Placed under administrative leave
With mounting pressure both internally and externally, over allegations of personal and professional misconduct, UNAids has put the head of its Ethiopian office, Miriam Maluwa, on administrative leave to conduct an independent operational and management review of its local operations, The Reporter has learnt.
Maluwa claimed that her suspension was due to her being a key witness in the recent sexual harassment case involving Dr. Luiz Loures, Deputy Executive Director, Joint United Nations Program on HIV/AIDS (UNAIDS). The UN has indicated that their decision against Maluwa “is not related to the recent case of sexual harassment.”
A Malawian native and three decades of service with the UN, mostly in the Caribbean including Jamaica, The Bahamas, Cuba and Belize; Maluwa stands accused of a misconduct.

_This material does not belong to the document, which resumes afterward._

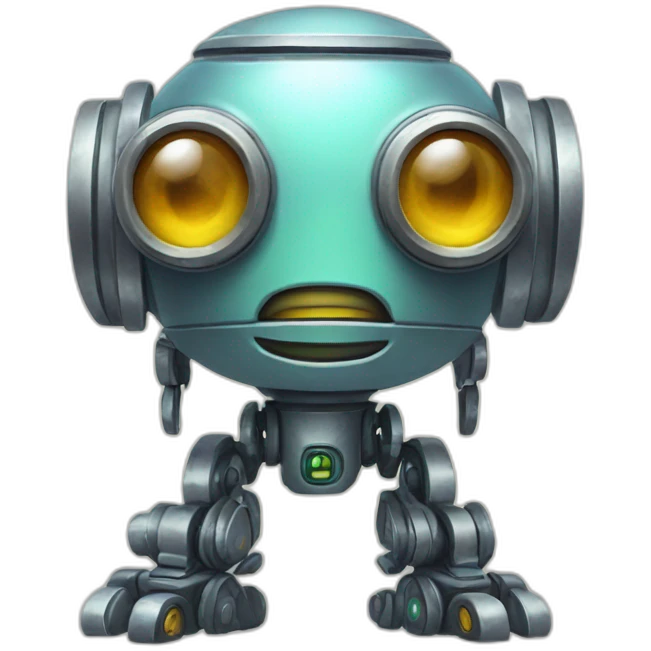 four eyed spiritual robot emoji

The Ethiopian Ministry of Foreign affairs in a statement said that “it is a code of behavior (that stands) far below what would have been expected from an international civil servant; in all of her discourses with the Ministry as well as in failing to discharge her obligations which appear to be a pattern rather than an incident.”
A number of landlords, her domestic worker, associates, a shipping company and a security company that has guarded her sprawling USD 6,000 per month property in Bole have made an array of complaints, painting her as an international civil servant that has taken her privileged status for granted in Ethiopia.
Some have taken their complaints to the government, while the rest have turned to the local courts, giving a negative attention to the UN operation in Ethiopia.
“She was constantly late with payments over a property I had rented for her in the Sar Bete area at a cost of USD 5,000 and took her belongings out while I was out of Addis for a medical treatment,” said Demessie Alemayehu, her previous landlord. “I am owed payments of more than five month and other costs (about USD 30,000) and it has been difficult to collect, worsening my condition and bringing personal and financial pressure on me.”
Maluwa also contacted Akakas Logistics PLC for the transportation of her belongings when she first moved to Ethiopia in June 2015 and rebuffed them when it was time to pay up. “It has been more than three years and every time we communicate with her, she just mentions her two law degrees and privilege of the law and hangs up the phone,” Bayu Mulat, manager at Akakas told The Reporter.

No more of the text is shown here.